To account for both the slow timescale and spatial structure of noise correlations in the visual cortex, our network model combines local bistable On-Off dynamics with spatially organized connectivity. In our model, correlated variability arises from metastable transitions between the On and Off fixed points, and not from fluctuations around a single global attractor32. Our results suggest that a theory of noise correlations in the visual cortex should incorporate both the anatomical connectivity structure of visual areas as well as the local bistability of population dynamics in single columns.

Recurrent network models were previously developed to suggest possible circuit mechanisms that produce a reduction of noise correlations during attention31,32,56. These models are based on a dynamical mechanism, where the network operates around a global fixed point and attentional inputs increase the stability of this fixed point leading to suppression of correlated fluctuations.
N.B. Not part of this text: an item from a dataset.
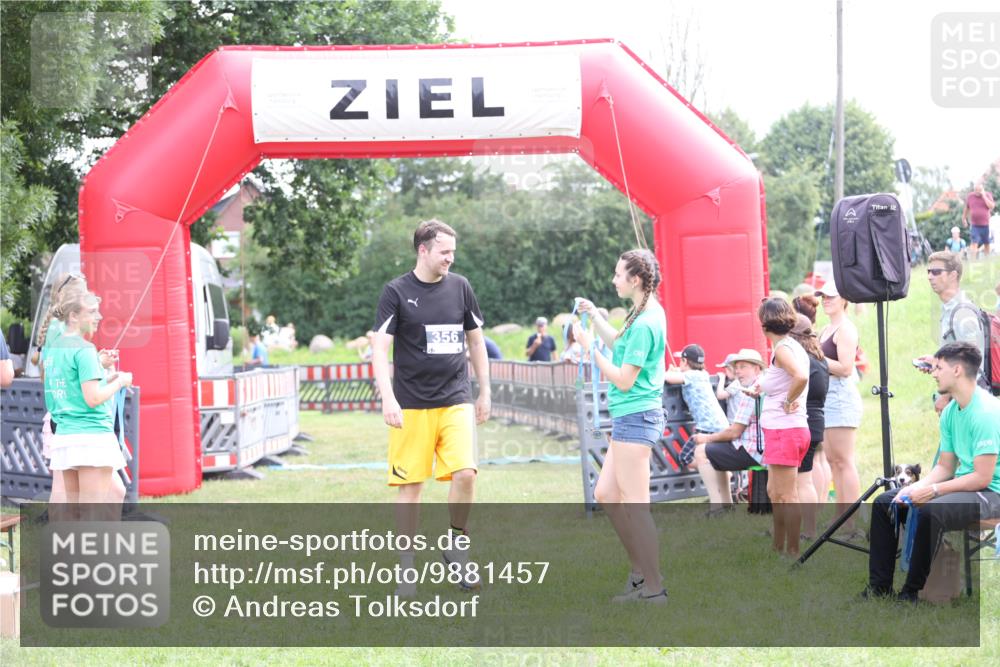 21.06.2026 - 29. Vierlanden-Triathlon Andreas Tolksdorf http://msf.ph/oto/9881457 21.06.2026 11:21:17 Ziel 439, 439 meine-sportfotos.de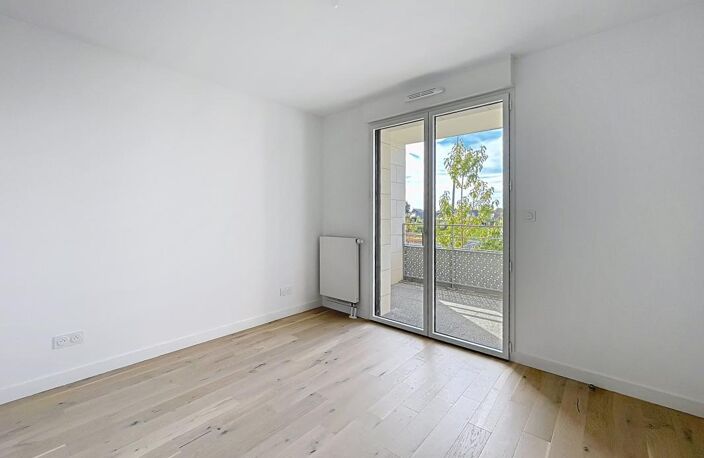 APPARTEMENT DEUX PIECES TERRASSE + 2 PARKING RESIDENCE NEUVE ST CYR/LOIRE — photo 5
Specifically, in the network with intrinsically generated shared variability, the stability of the operating point can be increased by up-regulating activities of inhibitory neurons31. However, elevated inhibition reduces firing rates of excitatory neurons, which contradicts attentional enhancement of firing rates in experiments. In the network filtering external noise, the stability of the global fixed point can be increased by excitatory inputs when the network operates in inhibition dominated regime32. In this scenario, an excitatory input increases effective lateral connectivity, which suppresses the transmission of the correlated input noise (Supplementary Note 3.4).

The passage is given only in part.